1. Find two land registry records that are likely to be errors. 
In each case, provide a potential explanation 

In [None]:
import pandas as pd

# Download and read Land Registry data
data_path = "pp-complete.csv"
df = pd.read_csv(data_path)

In [None]:
df.head()

In [None]:
df.columns

In [None]:
column_names = ['transaction_id', 'price', 'date', 'postcode', 'property_type', 'old_new', 'duration', 'paon', 'saon', 'street', 'locality', 'town_city', 'district', 'county', 'ppd_category_type', 'record_status']
df.columns = column_names

In [None]:
df.head()

In [None]:
df['date'] = pd.to_datetime(df['date'])

Plot the data to check if there is any outliers

In [None]:
import pandas as pd
import matplotlib.pyplot as plt
import seaborn as sns


# Set the style of the visualization
sns.set(style="whitegrid")

# Create the boxplot
plt.figure(figsize=(10, 6))
sns.boxplot(x=df['price'])

# Set the title and labels
plt.title('Boxplot of Prices')
plt.xlabel('Price')

# Show the plot
plt.show()



From the graphical analysis of the dataset, it is evident that there are some anomalies in the data that could be indicative of fake transactions or potential data entry errors. These anomalies must be addressed to ensure the accuracy and reliability of the dataset.

In [None]:

# Filter for potential outliers
outliers = df[(df["price"] < df["price"].quantile(0.01))]

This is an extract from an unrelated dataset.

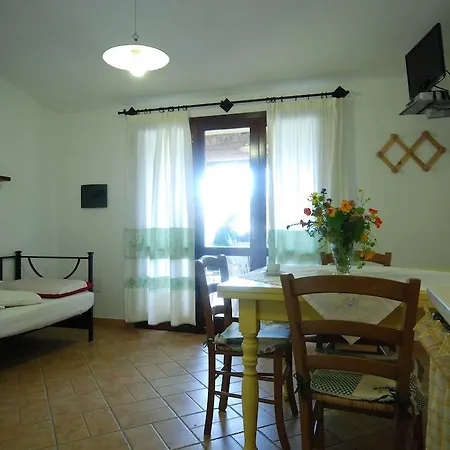 Lejlighed Is Cannisonis Torre dei Corsari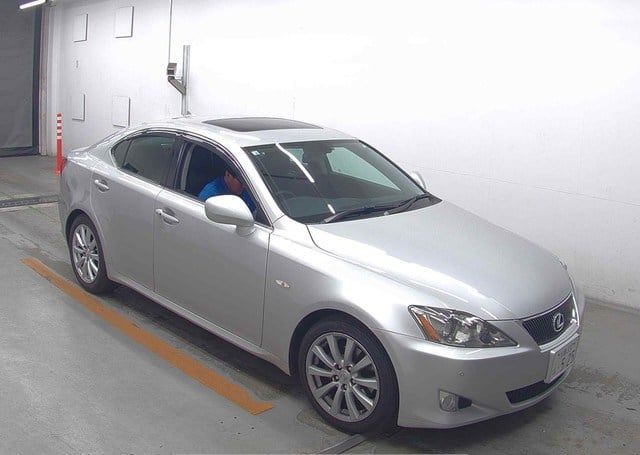 2006 LEXUS IS IS250 VERSION L 111,703 km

# Analyze outliers and provide explanations

# Print outliers and potential explanations
for index, row in outliers.iterrows():
  print(f"Record ID: {index}, Price: {row['price']}, Explanation: Possible data entry error or a fake transaction.")


To remove the spotted anomalies, I calculated the 0.01 quantile of the price column, which helps identify and filter out transactions with unusually low prices. For instance, transactions such as Record ID: 29212254 with a price of 500 and Record ID: 29212252 with a price of 3000 fall below this threshold and are flagged as anomalies. By removing these low-priced entries, we can eliminate possible erroneous or fraudulent records, thereby refining the dataset for more accurate and meaningful analysis.

In [None]:
# all_postcodes = df['postcode']
# for i in all_postcodes:
#     if len(i) != 8:
#         print(i)
rows_with_nan = df[df['postcode'].isna()]
print(rows_with_nan)

In addition to anomalies in the price data, there is a possibility of errors in the postcodes within the dataset. These errors, however, do not necessarily invalidate the entire entry. A postcode might be entered incorrectly due to typographical errors, or it might be missing altogether, yet other details such as the price and property characteristics could still be accurate and valuable. Such errors in postcodes should be carefully addressed rather than leading to the outright rejection of these entries. But in a less time frame I will be deleting those entries if there is any.

In [None]:
## delete rows with NaN values
print(len(df))
df = df.dropna(subset=['postcode'])
print(len(df))


UK postcodes is in the range of 5 to 8 characters long, so including space it must be under the 9 chars and greater than 5 chars.

In [None]:
df['is_valid_postcode'] = df['postcode'].apply(lambda x: ((len(x) < 9) & (len(x) > 5)))

In [None]:
print(len(df[df['is_valid_postcode'] == True]))
print(len(df[df['is_valid_postcode'] == False]))

In [None]:
df[df['is_valid_postcode'] == False]

2. Complete the following table by calculating the number of sales and average sale price for all London Boroughs in 2023:

Required columns:
London Borough, 
Count of sales in 2023, 
Average sale price in 2023

In [None]:
# show df of couty == Greater London and town_city == london and locality == BOROUGH
df[(df['county'] == 'GREATER LONDON') & (df['locality'] == 'LONDON')]['district'].unique()
# df[df['county']=='GREATER LONDON']['district'].unique()
# rows_with_london = df[df.applymap(lambda x: x == 'BOROUGH').any(axis=1)]
# rows_with_london

The above are the all London Boroughs

In [None]:
# Filter data for London Boroughs in 2023
london_boroughs = list(df[(df['county'] == 'GREATER LONDON') & (df['locality'] == 'LONDON')]['district'].unique())
borough_data = df[(df["district"].isin(london_boroughs)) & (df["date"].dt.year == 2023)]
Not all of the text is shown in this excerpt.